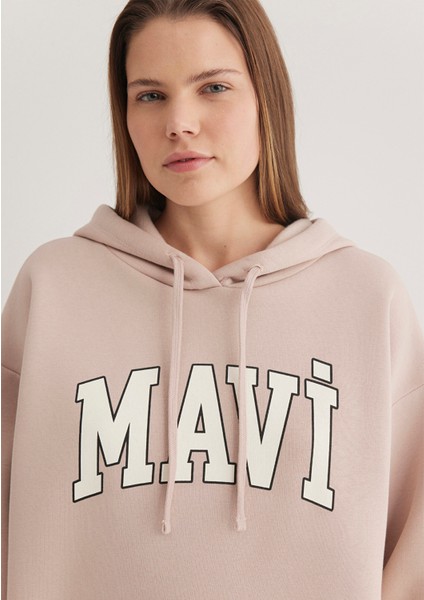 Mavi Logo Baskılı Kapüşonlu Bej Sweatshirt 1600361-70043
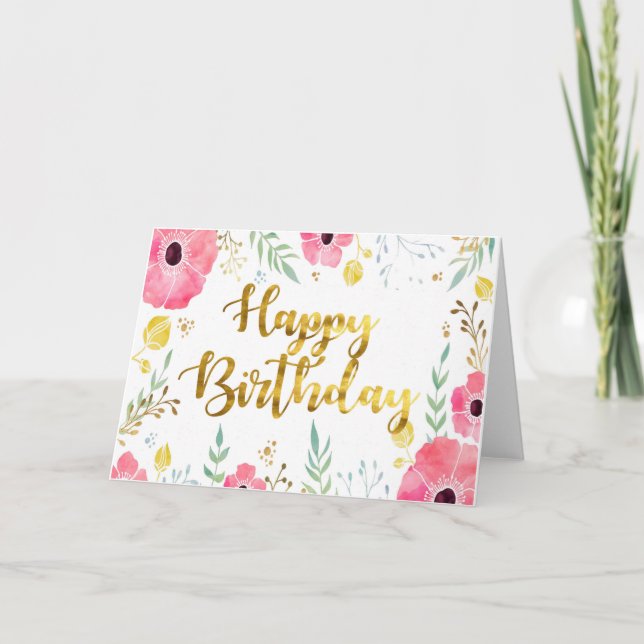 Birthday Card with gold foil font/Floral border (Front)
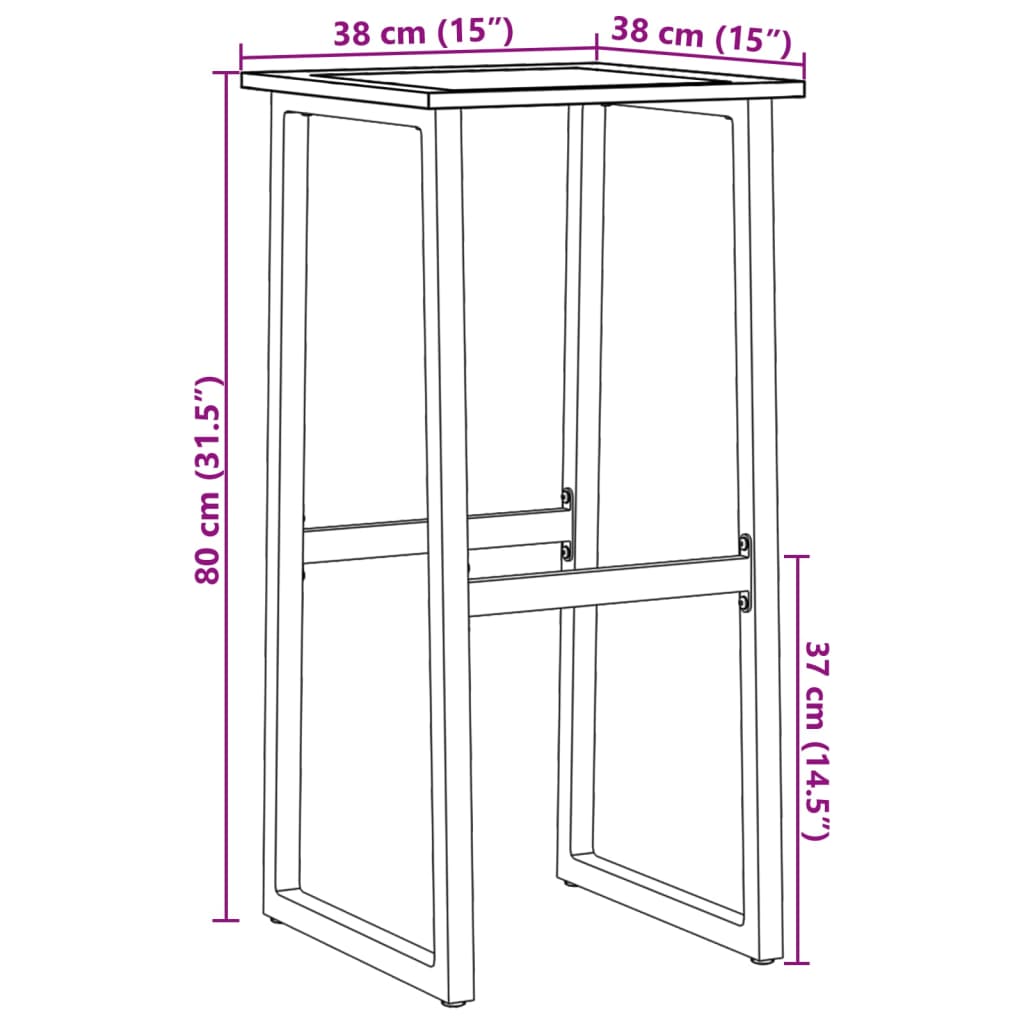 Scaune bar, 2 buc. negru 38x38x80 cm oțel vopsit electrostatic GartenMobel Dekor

---

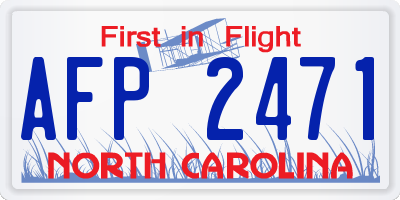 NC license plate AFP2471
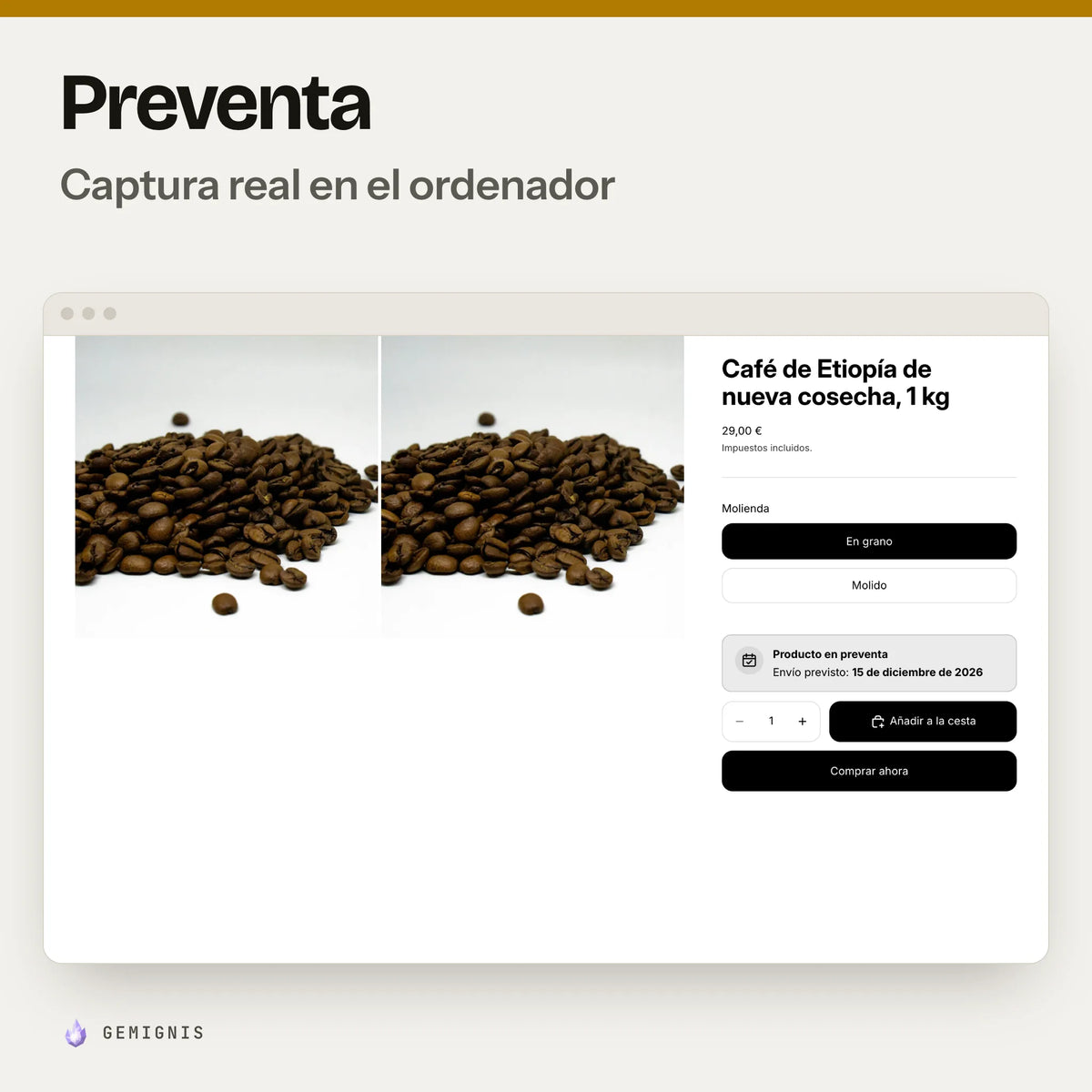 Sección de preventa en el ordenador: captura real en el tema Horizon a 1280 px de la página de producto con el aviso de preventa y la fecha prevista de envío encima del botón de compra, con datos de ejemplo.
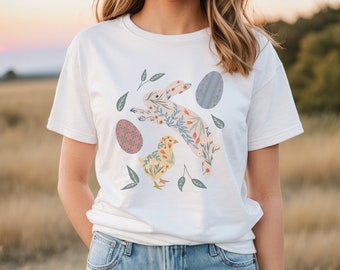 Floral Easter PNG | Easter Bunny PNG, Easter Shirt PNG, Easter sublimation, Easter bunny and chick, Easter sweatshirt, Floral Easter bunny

...

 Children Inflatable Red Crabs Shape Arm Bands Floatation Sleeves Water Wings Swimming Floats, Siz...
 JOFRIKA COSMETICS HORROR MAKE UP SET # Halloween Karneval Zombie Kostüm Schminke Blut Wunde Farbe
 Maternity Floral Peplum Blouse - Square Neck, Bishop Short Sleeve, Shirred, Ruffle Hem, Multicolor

Task prompt: Range to copy from the listing above: the line containing "Sección de preventa" down to the line containing "Floral Easter PNG", both included. Reproduce it exactly, minus the pictures, and add nothing.

Completed exercise:
 Sección de preventa en el ordenador: captura real en el tema Horizon a 1280 px de la página de producto con el aviso de preventa y la fecha prevista de envío encima del botón de compra, con datos de ejemplo.
 Floral Easter PNG | Easter Bunny PNG, Easter Shirt PNG, Easter sublimation, Easter bunny and chick, Easter sweatshirt, Floral Easter bunny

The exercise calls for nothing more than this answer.